I reached over the coffee table and placed a hand gently on her head. ‘Faisal is with Allah, you must believe that.’

The tears stopped abruptly and she looked up. ‘I am destined to lose both sons.’

‘You don’t know that, Aunty,’ I said.

‘It is sawab,’ said Azra. ‘Your boys are blessed and you are selfish to cry; even a mother must give way to Allah.’

I shot Azra a stern glance. Again I wished she wasn’t wearing a burqa. I wished I could have seen the impression my anger had made on her hypocrisy.

Aunty nodded, holding her hands together in her lap. Her shoulders rolled forward and she stared at her hands, picking at the edge of a fingernail.

Azra spoke again. ‘The boys at the madrasa, upon reaching maturity and with their hearts overflowing with the desire to perform Allah’s work, they would cross the mountains. Not one ever returned. With unseen tears, as we watched them leave, we whispered their funeral prayer.’

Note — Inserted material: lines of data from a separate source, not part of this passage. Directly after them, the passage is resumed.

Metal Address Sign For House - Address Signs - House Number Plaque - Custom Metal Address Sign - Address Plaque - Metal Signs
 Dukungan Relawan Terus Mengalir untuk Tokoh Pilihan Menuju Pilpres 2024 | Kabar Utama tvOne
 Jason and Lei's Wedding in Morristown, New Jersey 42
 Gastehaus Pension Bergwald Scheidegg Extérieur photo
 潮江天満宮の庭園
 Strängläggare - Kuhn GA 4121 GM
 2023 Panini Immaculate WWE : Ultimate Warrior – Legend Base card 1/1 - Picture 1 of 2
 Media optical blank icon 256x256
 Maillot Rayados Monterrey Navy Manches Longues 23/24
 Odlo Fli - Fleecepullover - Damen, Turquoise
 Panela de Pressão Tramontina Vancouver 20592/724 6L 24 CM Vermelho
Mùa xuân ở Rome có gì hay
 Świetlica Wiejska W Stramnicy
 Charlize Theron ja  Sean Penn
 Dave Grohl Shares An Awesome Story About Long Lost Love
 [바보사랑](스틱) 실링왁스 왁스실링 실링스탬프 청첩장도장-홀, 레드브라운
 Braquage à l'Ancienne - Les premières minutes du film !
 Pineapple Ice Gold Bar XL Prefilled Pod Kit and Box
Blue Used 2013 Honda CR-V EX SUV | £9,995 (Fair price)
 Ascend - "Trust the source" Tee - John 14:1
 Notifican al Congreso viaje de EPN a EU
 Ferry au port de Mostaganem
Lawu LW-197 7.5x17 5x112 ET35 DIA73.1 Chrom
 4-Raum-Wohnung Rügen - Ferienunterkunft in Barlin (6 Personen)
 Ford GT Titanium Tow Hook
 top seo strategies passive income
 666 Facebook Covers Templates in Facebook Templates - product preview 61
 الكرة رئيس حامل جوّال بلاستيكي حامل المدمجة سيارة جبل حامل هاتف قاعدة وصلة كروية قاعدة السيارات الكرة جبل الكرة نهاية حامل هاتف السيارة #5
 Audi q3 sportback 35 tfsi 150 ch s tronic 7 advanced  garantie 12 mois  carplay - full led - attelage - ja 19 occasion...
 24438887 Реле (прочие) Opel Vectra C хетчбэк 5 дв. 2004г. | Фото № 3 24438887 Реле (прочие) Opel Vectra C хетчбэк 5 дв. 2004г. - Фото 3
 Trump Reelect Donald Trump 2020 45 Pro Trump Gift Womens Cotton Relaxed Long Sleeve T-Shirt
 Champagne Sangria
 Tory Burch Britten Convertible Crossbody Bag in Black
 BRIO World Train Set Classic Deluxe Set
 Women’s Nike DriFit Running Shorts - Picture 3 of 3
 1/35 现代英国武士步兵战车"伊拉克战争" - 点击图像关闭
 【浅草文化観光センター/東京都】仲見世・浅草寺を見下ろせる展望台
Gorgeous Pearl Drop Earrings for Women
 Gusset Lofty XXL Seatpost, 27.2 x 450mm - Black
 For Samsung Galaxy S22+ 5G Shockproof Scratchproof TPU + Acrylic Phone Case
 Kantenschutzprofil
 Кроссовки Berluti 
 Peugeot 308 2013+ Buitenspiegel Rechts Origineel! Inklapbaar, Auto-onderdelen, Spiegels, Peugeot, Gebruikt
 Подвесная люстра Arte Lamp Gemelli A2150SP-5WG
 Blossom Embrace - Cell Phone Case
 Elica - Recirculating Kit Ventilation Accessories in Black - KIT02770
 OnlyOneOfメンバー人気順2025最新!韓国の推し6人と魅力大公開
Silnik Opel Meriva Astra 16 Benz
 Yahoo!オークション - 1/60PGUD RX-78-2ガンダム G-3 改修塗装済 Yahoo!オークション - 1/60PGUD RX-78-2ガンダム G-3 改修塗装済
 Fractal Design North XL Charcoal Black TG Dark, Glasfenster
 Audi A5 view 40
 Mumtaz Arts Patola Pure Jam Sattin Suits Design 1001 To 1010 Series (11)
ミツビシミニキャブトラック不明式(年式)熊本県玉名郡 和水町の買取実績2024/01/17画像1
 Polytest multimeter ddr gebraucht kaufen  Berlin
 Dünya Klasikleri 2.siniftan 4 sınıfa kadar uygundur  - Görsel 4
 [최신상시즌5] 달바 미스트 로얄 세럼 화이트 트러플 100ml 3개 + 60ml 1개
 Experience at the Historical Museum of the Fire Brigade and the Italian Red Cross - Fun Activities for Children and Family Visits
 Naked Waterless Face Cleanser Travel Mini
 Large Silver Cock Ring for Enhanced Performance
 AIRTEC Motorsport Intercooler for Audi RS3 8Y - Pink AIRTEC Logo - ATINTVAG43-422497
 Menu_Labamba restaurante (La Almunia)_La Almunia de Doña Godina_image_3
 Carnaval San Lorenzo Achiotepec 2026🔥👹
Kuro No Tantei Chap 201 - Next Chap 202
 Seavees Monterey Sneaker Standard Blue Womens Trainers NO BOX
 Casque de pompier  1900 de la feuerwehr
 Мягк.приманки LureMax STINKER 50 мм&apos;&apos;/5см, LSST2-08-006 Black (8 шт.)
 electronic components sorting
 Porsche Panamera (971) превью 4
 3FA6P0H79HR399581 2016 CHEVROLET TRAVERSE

‘Thank you,’ said Aunty to me, ‘and thank you for doing Faisal’s ghusl.’ She reached out and took both of my hands in hers. Her hands were warm, the skin yellow. ‘You and Mustafa have been friends since you were infants and to him you are like a brother. Your assisting him with the ghusl is an honour to our family.’

I hadn’t told Azra about the ghusl. She gripped her chin in one hand and cocked her head, staring at me. Even through her burqa I could sense that she now regarded me with at least a little respect.

Still, she continued on her theme. ‘Our job was to fill their hearts with the Holy Book. It would take about seven years to learn it by rote, occasionally a little quicker, though often, for those who resisted their fate, it would take a year or two longer for the imam to beat it into them. We took them in as infants, mostly abandoned on our doorstep, and sent them out as men. As warriors fit and strong and ready for the short walk across the pass and the long war thereafter.’